At a press conference in Accra yesterday, the Public Relations Officer (PRO) of IWA, Mr Kelvin King-Dawie, said a proper face shield should be medicated and contain 180-degree full face protection, full eye protection, clear polyethylene terephthalate (PET)  acrylic shield, anti-fog material, cleanable and reusable.

 “The public should note that medically-approved face shield is one produced with PET; the short for polyethylene terephthalate and medical name for polyester,” he said.

He, therefore, urged the public to patronise only PET face shields.

He added that most of the face shields being sold currently on the market places could be harmful to the health of users because they are not PET-based.

Mr King-Dawie said the flooding of the market with low quality face shields had negatively affected the business of IWA members who were involved in the supply and distribution of genuine face shields.

“The market has been infiltrated with sub-standard face shields selling at low prices and thus affecting the supply and distribution of genuine face shields on the market,” he added.

He further added that it had become imperative for people to use a standardised protective equipment to aid the fight against spread of the coronavirus disease. 

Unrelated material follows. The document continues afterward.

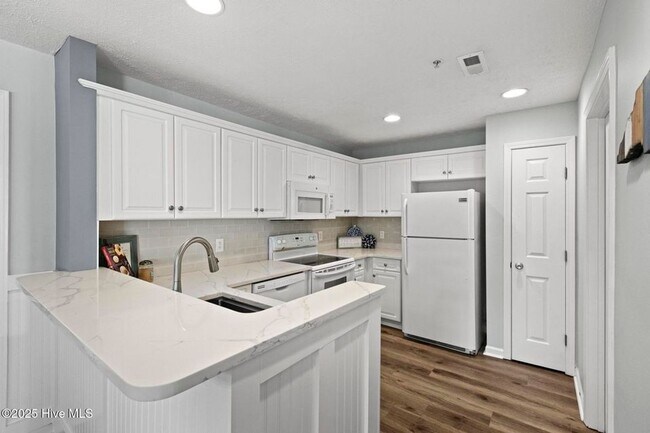 Building Photo - Fully furnished dream condo in Carolina Beach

“Considering the dynamics  of  the coronavirus and other air-borne communicable diseases with their associated preventive protocols, it has become imperative for people to find enhanced protective equipment against direct contacts with the agents of the virus transmission like cough, sneeze, saliva and mucus, while ensuring other instituted protocols ,” Mr King-Dawie added.

“The face shield is therefore a great defence as it is designed to trap droplets on the shield. By having both the susceptible person and the infectious source in [the] face shield, the transmission rates will moderately be decreased, especially in social settings,” he added.

The group, Mr King-Dawie said, would engage the government and stakeholders in the health sector to set standards for the sale and proper use of the face shields as the world battled to curb infection rates of the COVID-19.